GOAL OF THE EXERCISE: In the entries below, find the line containing "Image 4: Rotating Kitchen Storage Tray" and the line containing "Weiman Cook Top". Copy those two lines and everything between them exactly, without the pictures.

INFORMATION SUPPLIED:
┌────────
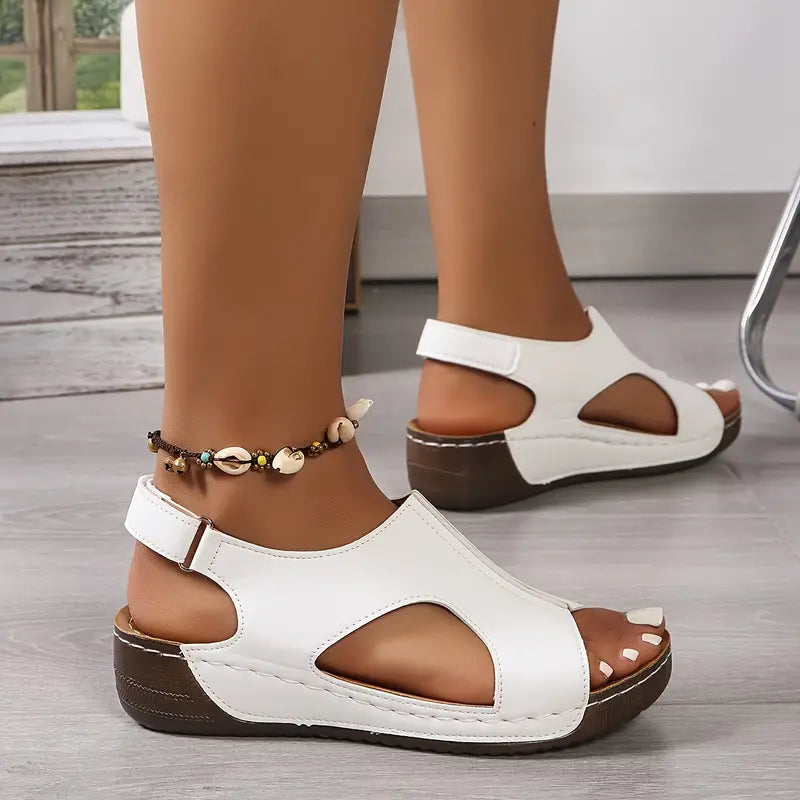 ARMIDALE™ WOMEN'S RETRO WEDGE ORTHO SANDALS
└────────
┌────────
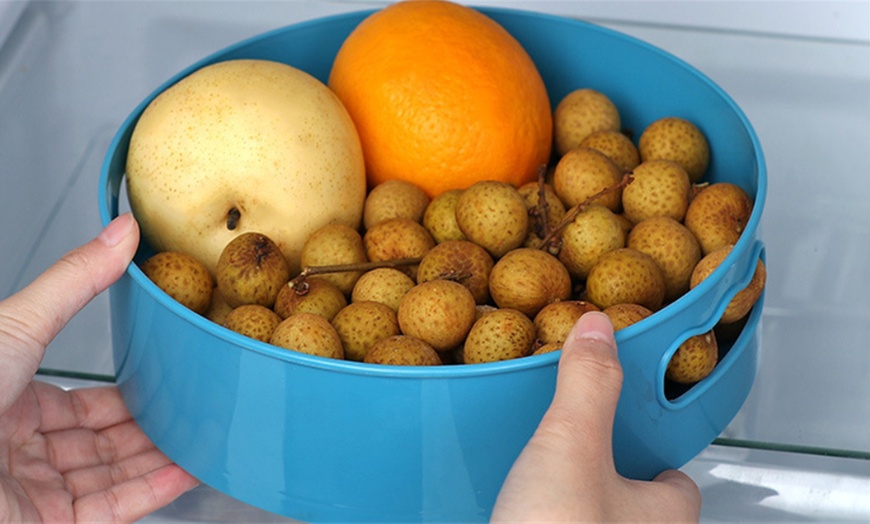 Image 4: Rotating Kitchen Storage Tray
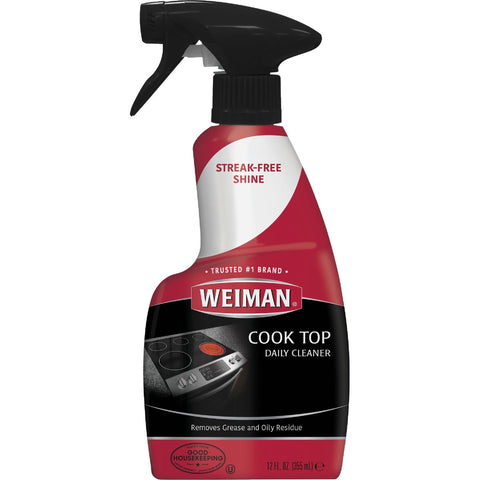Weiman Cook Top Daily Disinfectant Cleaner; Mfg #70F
└────────
RESULT OF THE EXERCISE:
 Image 4: Rotating Kitchen Storage Tray
Weiman Cook Top Daily Disinfectant Cleaner; Mfg #70F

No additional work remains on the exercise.